- _MATERIAL PROVIDED_
____

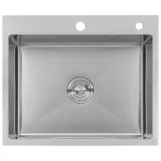 Комплект кухонна мийка Kroner Gebürstet-6050HM + змішувач Küche-C031BLK + дозатор Spender-016 Фото - 5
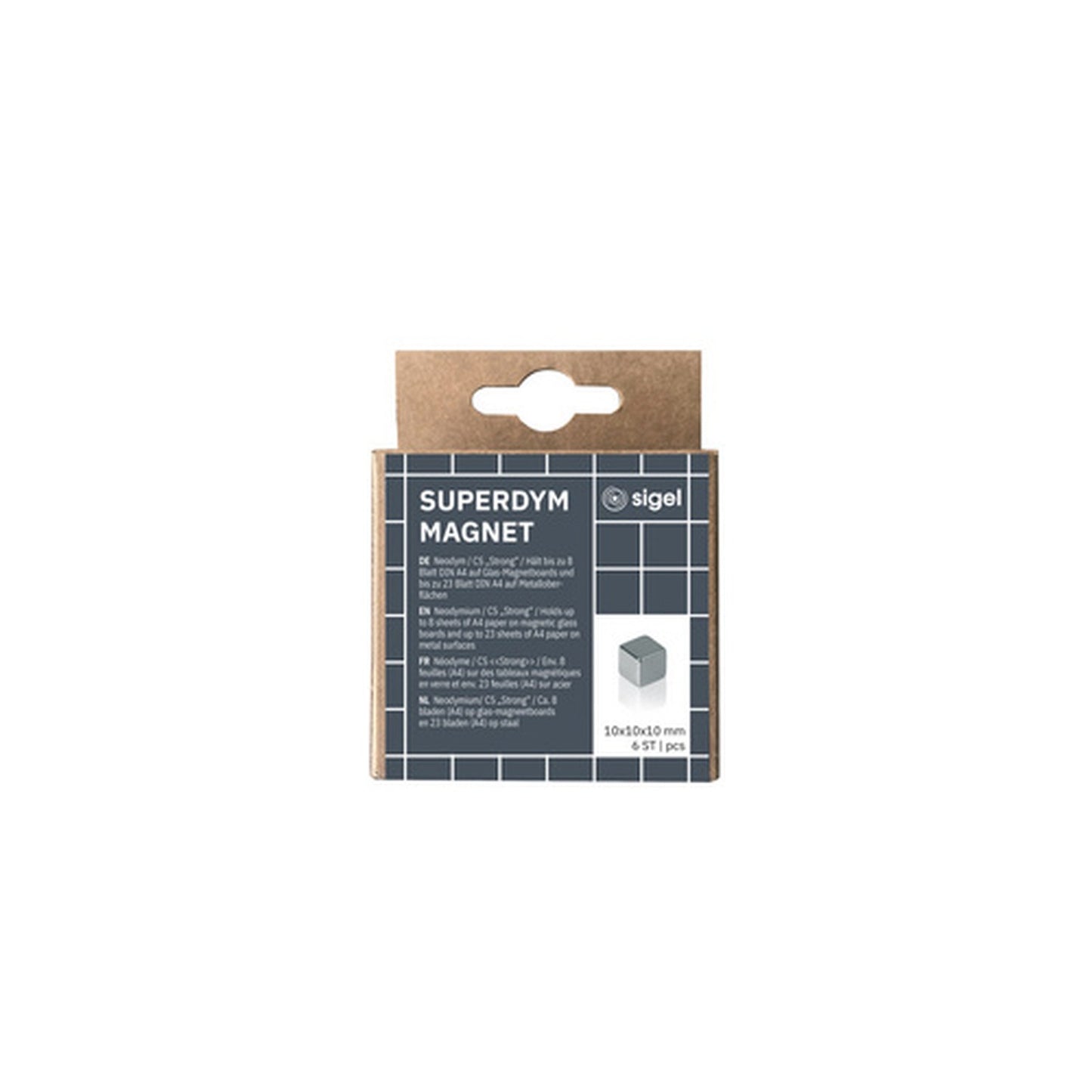 sigel Aimant néodyme cube "Strong" C5, set de 6, argent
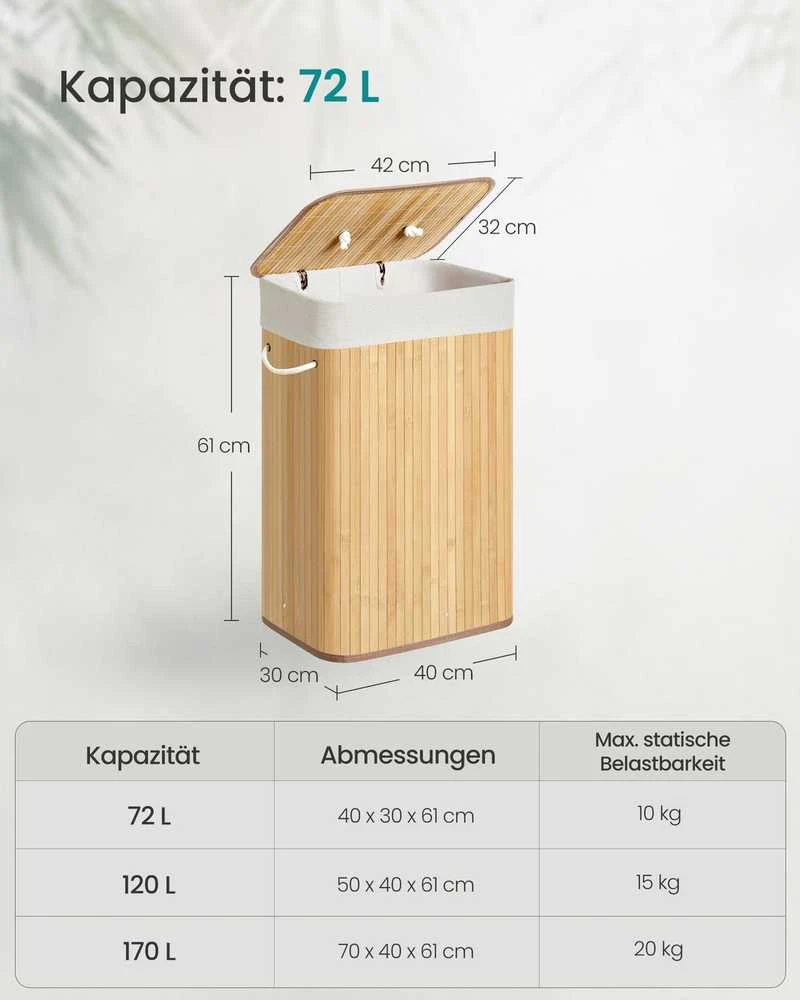 Songmics Bambuko skalbinių dėžė 72 L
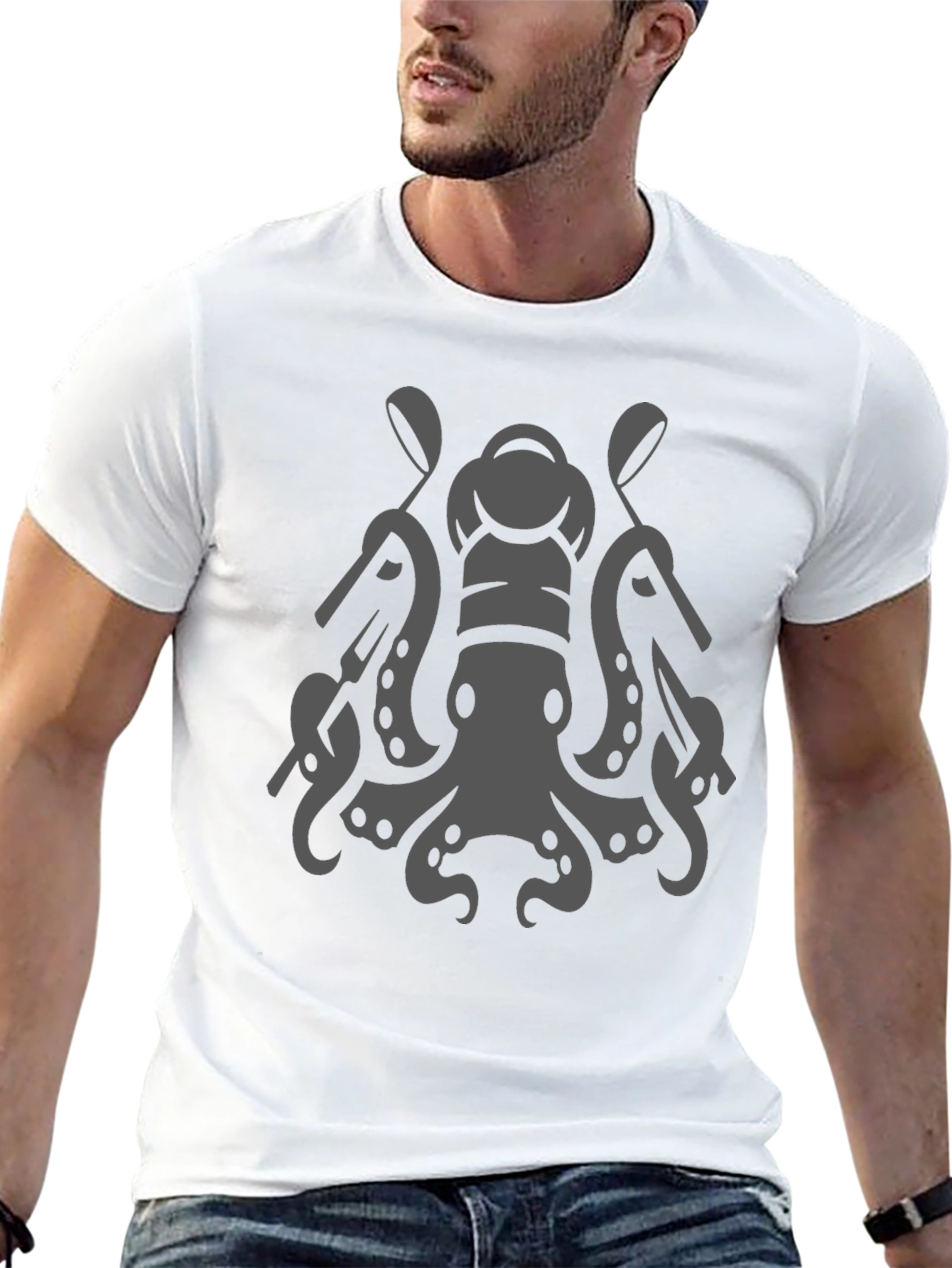 Black Chef Octopus Graphic Tee - Black Cotton Blend view 13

____

- _TASK STATEMENT_
Set down the line containing "sigel Aimant néodyme" and every line after it up to the end of the material, exactly as written, but not the pictures.

- _EXERCISE OUTPUT_
 sigel Aimant néodyme cube "Strong" C5, set de 6, argent
 Songmics Bambuko skalbinių dėžė 72 L
 Black Chef Octopus Graphic Tee - Black Cotton Blend view 13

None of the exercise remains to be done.